Top critical review
Cable Travels Back to 1996
on October 13, 2014
Following his abysmal work on Wolverine, I didn't anticipate ever reading another competent--let alone good--Jeph Loeb comic book again. This volume, Avengers: X-Sanction, was billed as a kind of prequel to the Avengers vs. X-Men crossover from a few years back. It was in this context, and also because this features one of my favorite characters (Cable), that I decided to grit my teeth and bear reading this.
I was broadsided by the realization that this is actually a decent story. As I turned the pages, I kept expecting that Loeb would derail the whole enterprise on a whim, but by the time I finished issue #4, I gasped and concluded the following: Jeph Loeb has produced an average comic.

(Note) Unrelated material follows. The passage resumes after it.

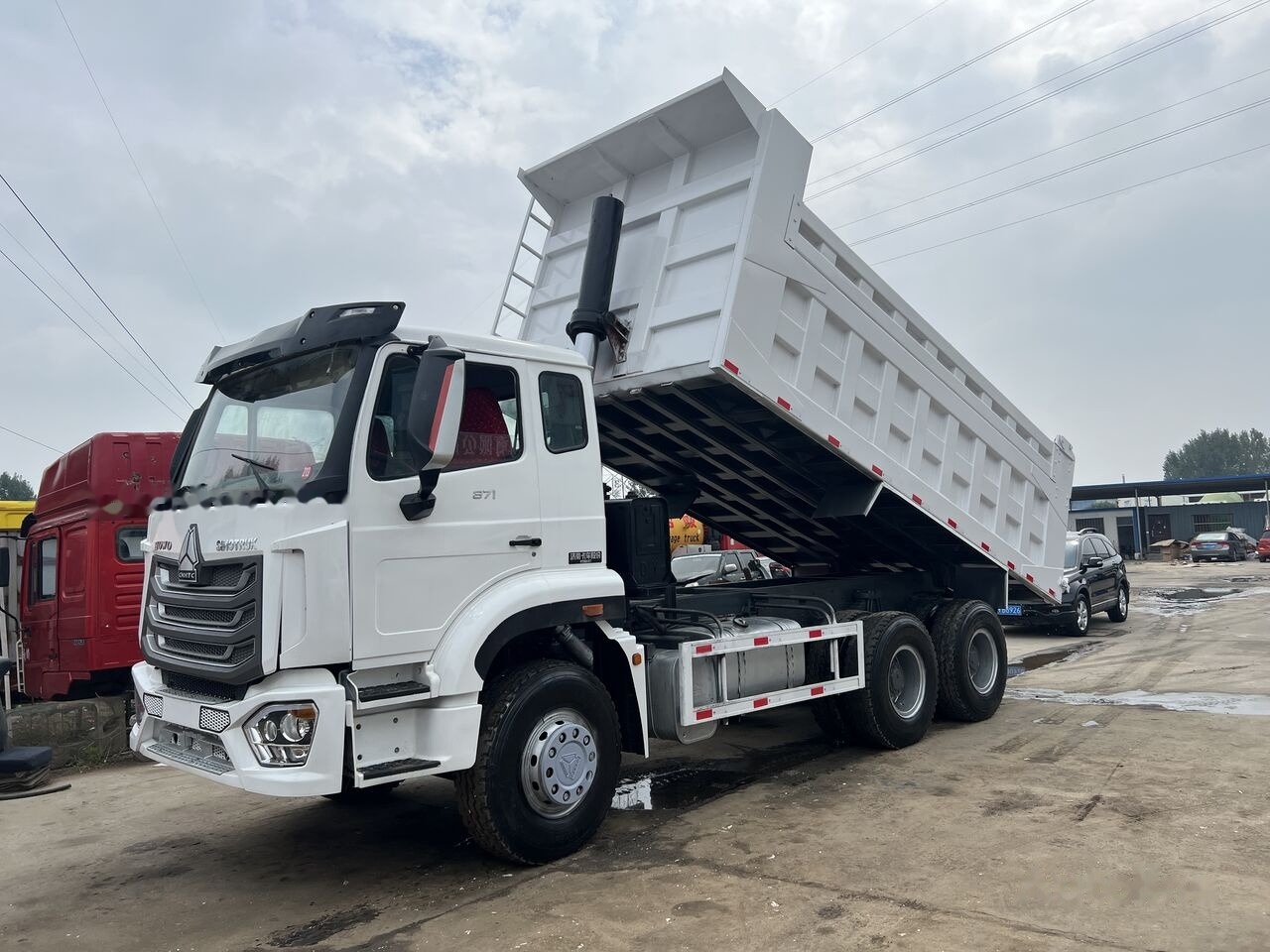 Sinotruk Howo - Tipper: picture 3 Sinotruk Howo - Tipper: picture 3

He has written a story that in fact has more to do with Cable than with the Avengers, one that hearkens back to Loeb's run on Cable's (now cancelled) title from the mid-1990s. Loeb reintroduces Blaquesmith, a face from that era that readers have not seen for quite some time. The vibe feels very retro, but Loeb's characterizations come across as organic. For all of my criticism, Loeb was a writer who really did "get" Cable--which should really come as no surprise since, after Fabian Nicieza, Loeb was one of the early architects in defining the character. Here Loeb incorporates his take on Cable with recent developments in the character's history--his "death" at the end of the Second Coming crossover, and his relationship with Hope, his "daughter" in recent years. In contrast to Loeb's work on Wolverine: Sabretooth Reborn, in which he showed absolutely no interest in explaining events or character developments (some of which Loeb himself introduced), in Avengers: X-Sanction the writer actually uses the circumstances of Cable's return from his apparent death as the springboard for events in the story, and he makes thematic connections between Cable's relationship with Hope to the very old plot detail of Cable having lost his son (Genesis). It's a refreshing acknowledgment of Cable's past, albeit playing out in the odd foreground of a story supposedly about the Avengers.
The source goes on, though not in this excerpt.